START Material provided

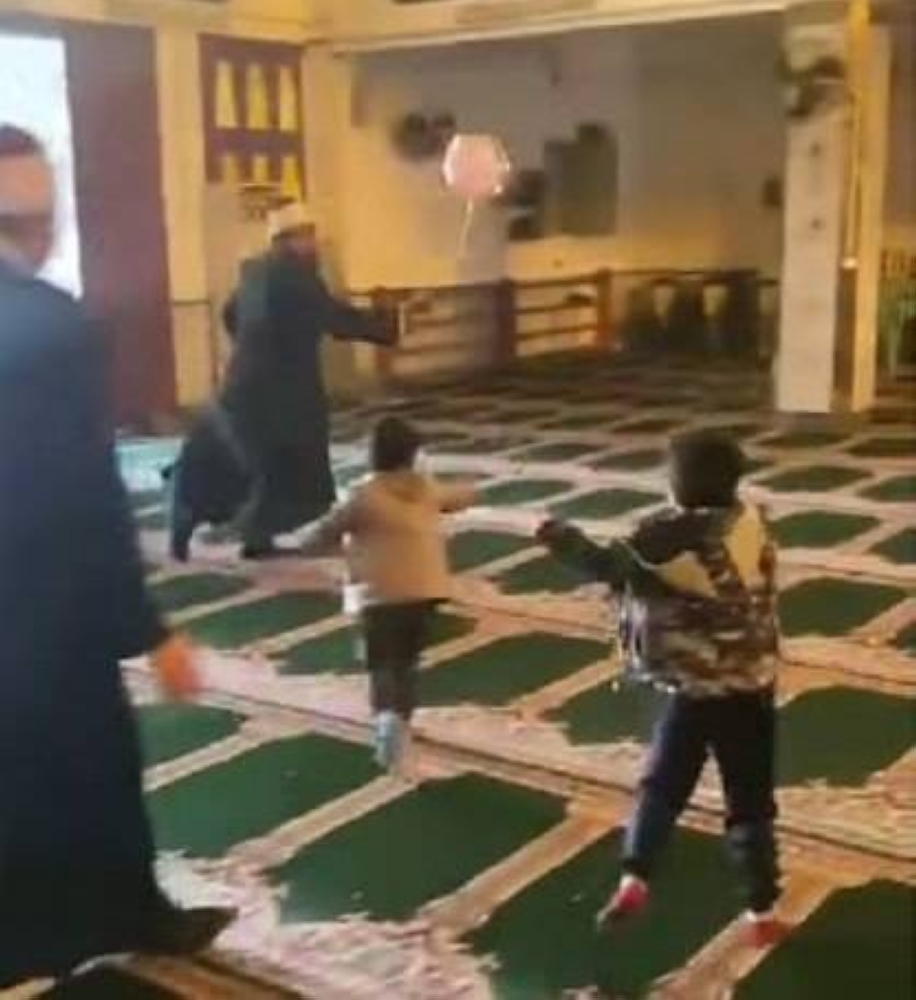إمام يلهو مع أطفال داخل مسجد.. فيديو يثير الجدل في مصر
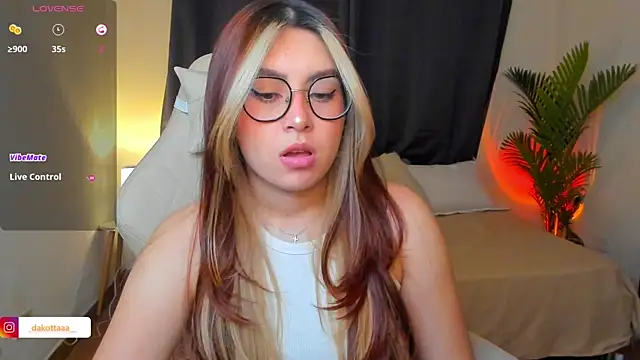 Snapshot of dakottaa_ chatting on July 2026 12:40:01 AM dakottaa online show from July 2026 12:40:01 AM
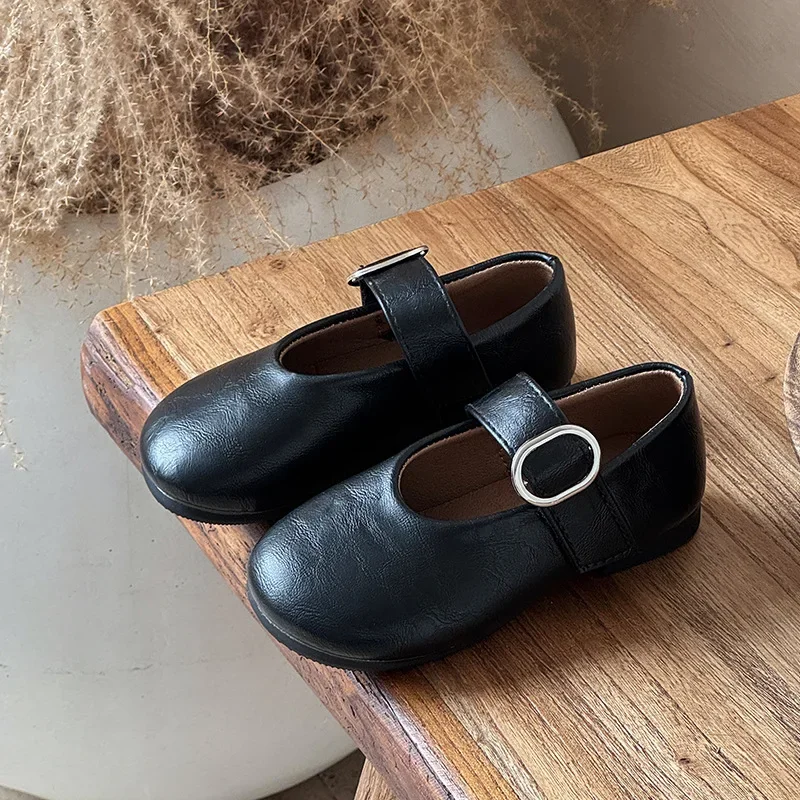 

Kids Leather Shoes Retro Versatile Girls Flat Shoes Korean Style 2025 New Fashion Children Princess Shoes Casual Soft Comfort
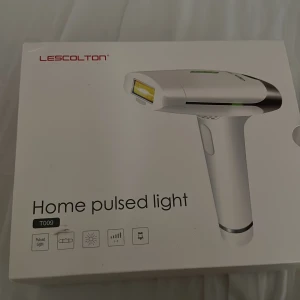 Laser  - Här är en jätte bra laser för er som vill få bort hår för ett rimligt pris, har testat den bara och tycker den e bra!❤️ men dax att någon annan får ta del av denna lasern!💕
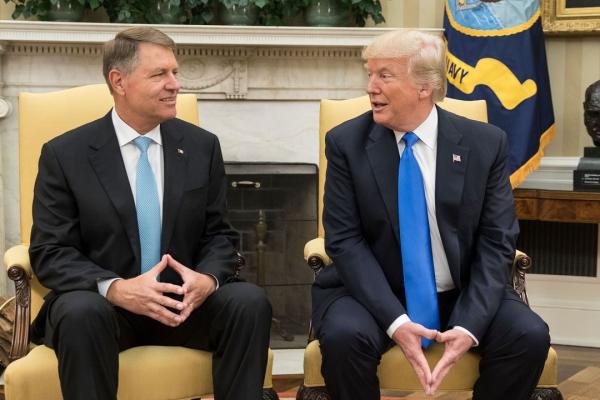 Donald Trump şi Klaus Iohannis în Biroul Oval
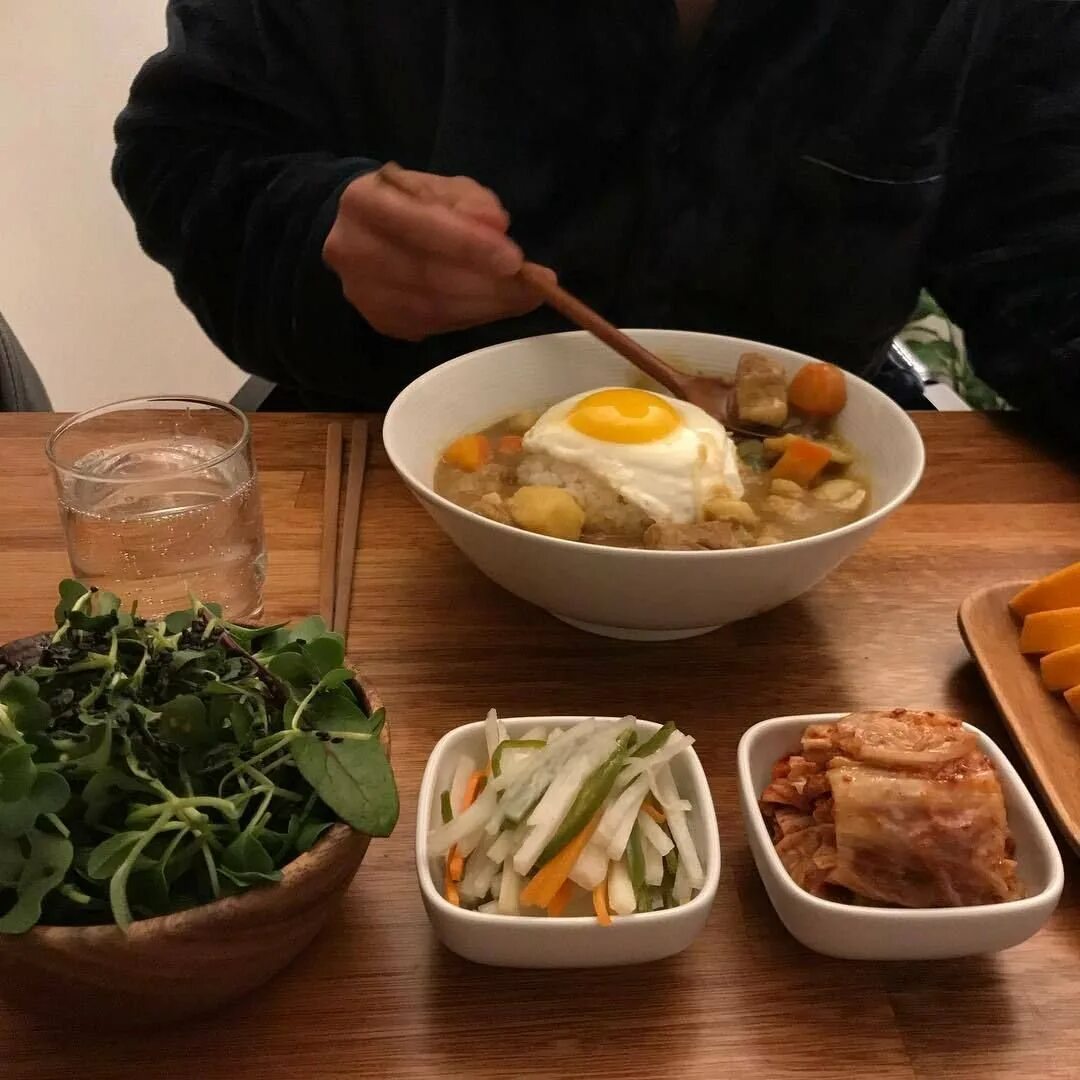 Корейский ужин. Еда в кафе. Корейский стол с едой. Корейский обед Эстетика.
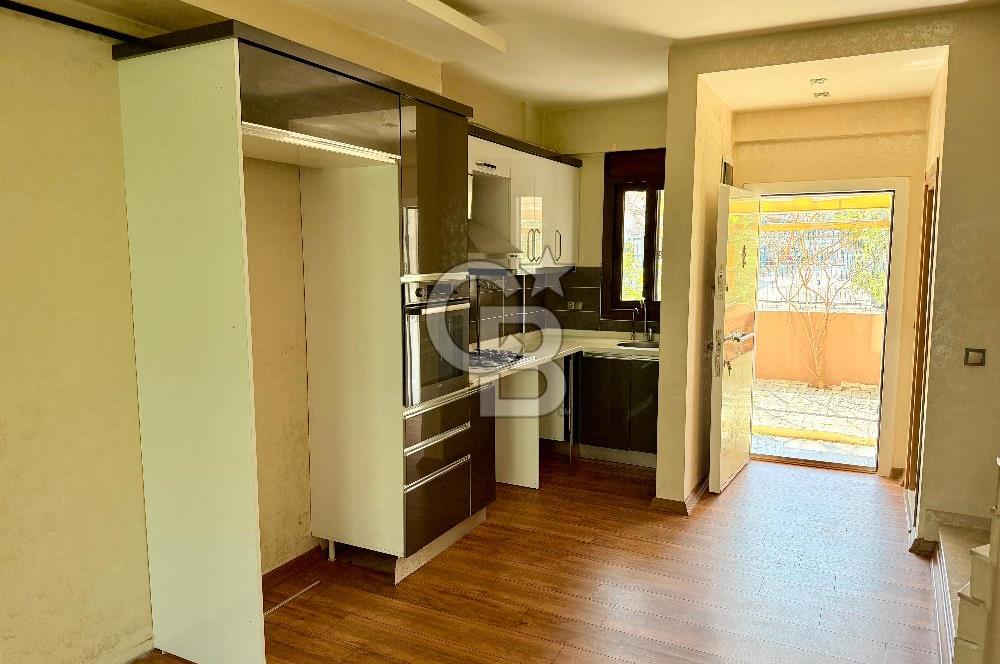 Foça Kazım Dirik Mah. Kiralık 2+1 Bahçeli Dubleks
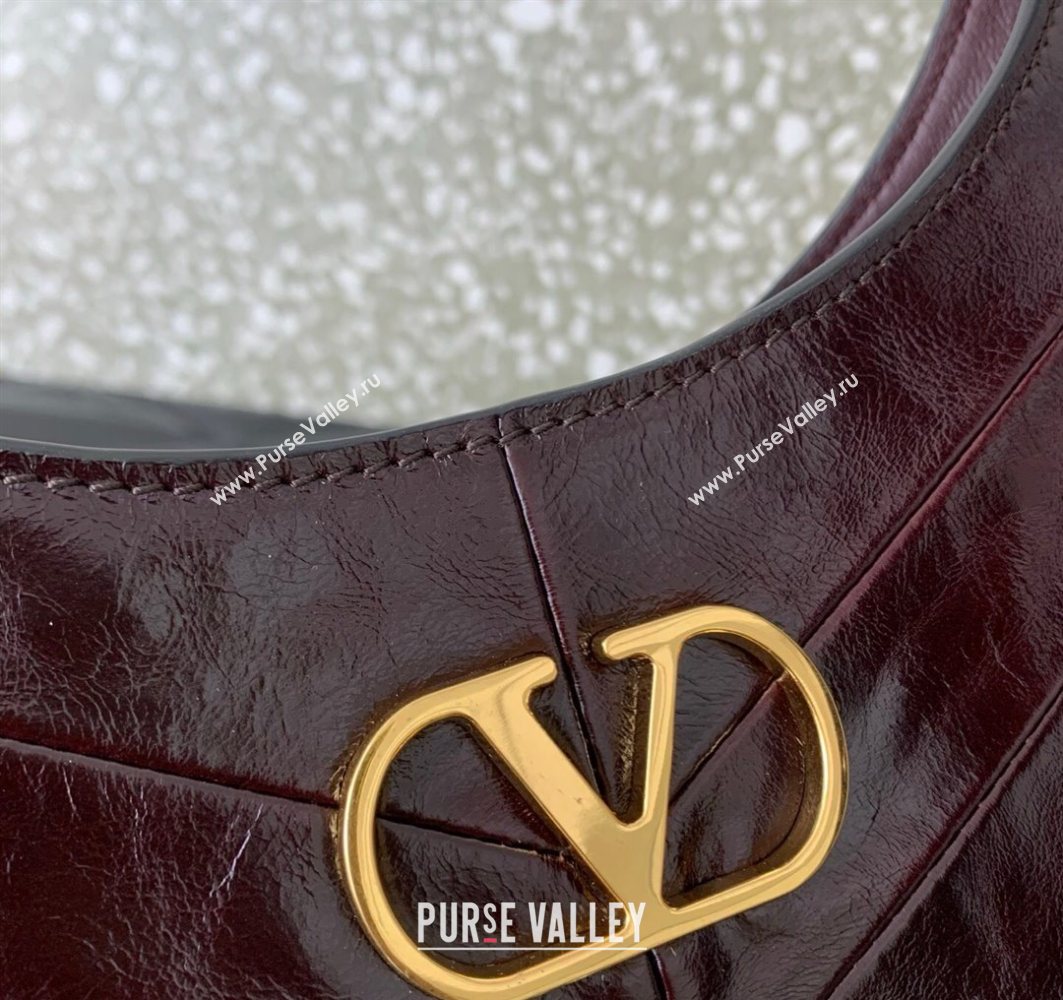 Valentino Hoboho Small Hobo Bag In Chevron-Patterned Nappa Leather with Studs Burgundy 2025 0073S (LKF-251121033)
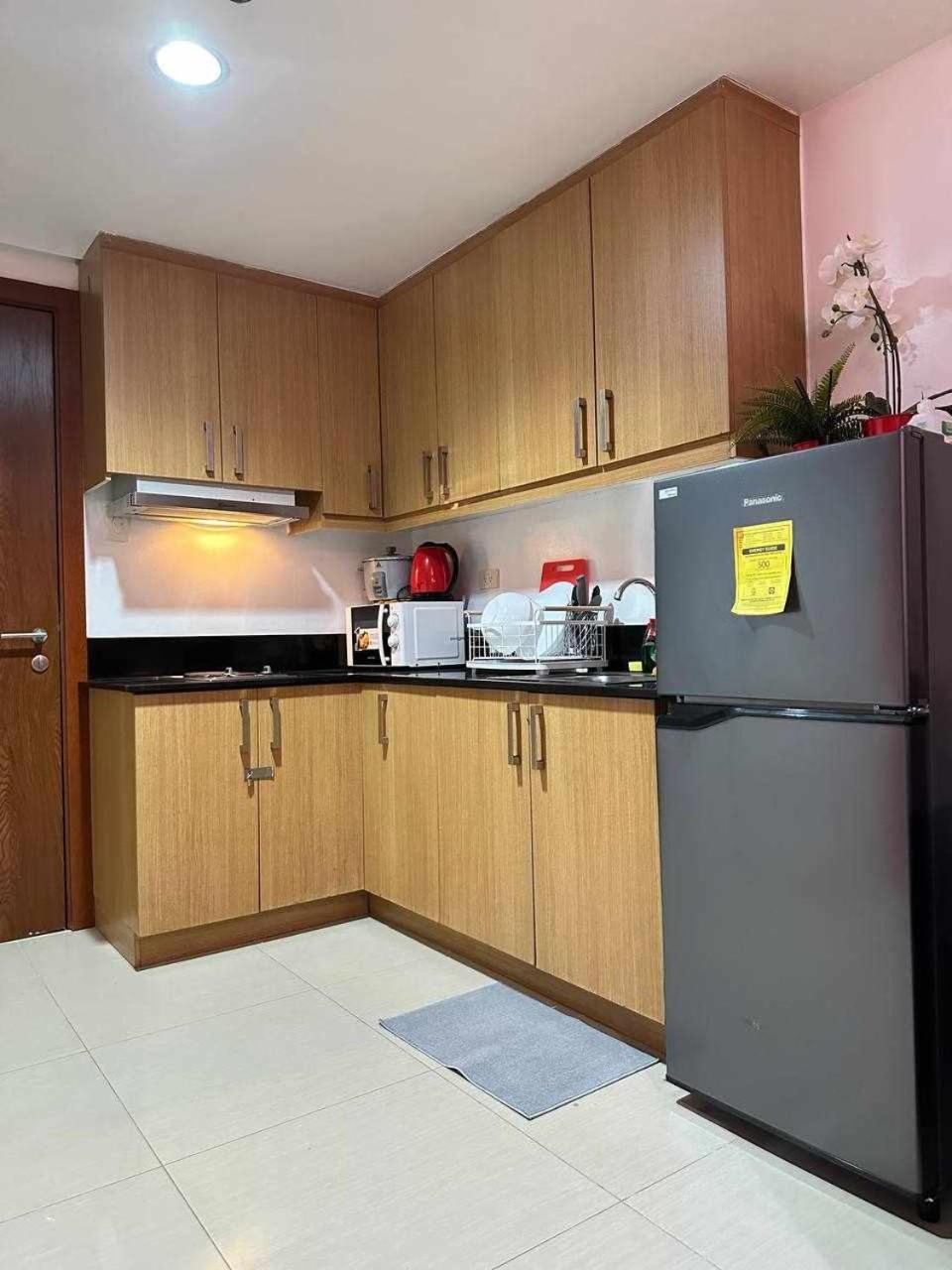 Moa Condotel Staycation By Abode Property
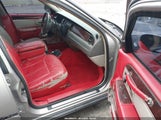 Lincoln Town Car Signature Limited 1LNHM82W16Y603004 fotografie
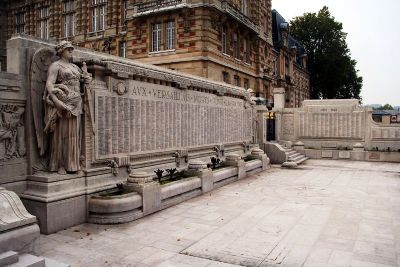 War Memorial Versailles #2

END Material provided

# [Directions for this task]
Any pictures are to be skipped, and the lines from the beginning of the entries through the line with "Foça Kazım Dirik" copied exactly.

# [Exercise answer]
إمام يلهو مع أطفال داخل مسجد.. فيديو يثير الجدل في مصر
 Snapshot of dakottaa_ chatting on July 2026 12:40:01 AM dakottaa online show from July 2026 12:40:01 AM

Kids Leather Shoes Retro Versatile Girls Flat Shoes Korean Style 2025 New Fashion Children Princess Shoes Casual Soft Comfort
 Laser  - Här är en jätte bra laser för er som vill få bort hår för ett rimligt pris, har testat den bara och tycker den e bra!❤️ men dax att någon annan får ta del av denna lasern!💕
 Donald Trump şi Klaus Iohannis în Biroul Oval
 Корейский ужин. Еда в кафе. Корейский стол с едой. Корейский обед Эстетика.
 Foça Kazım Dirik Mah. Kiralık 2+1 Bahçeli Dubleks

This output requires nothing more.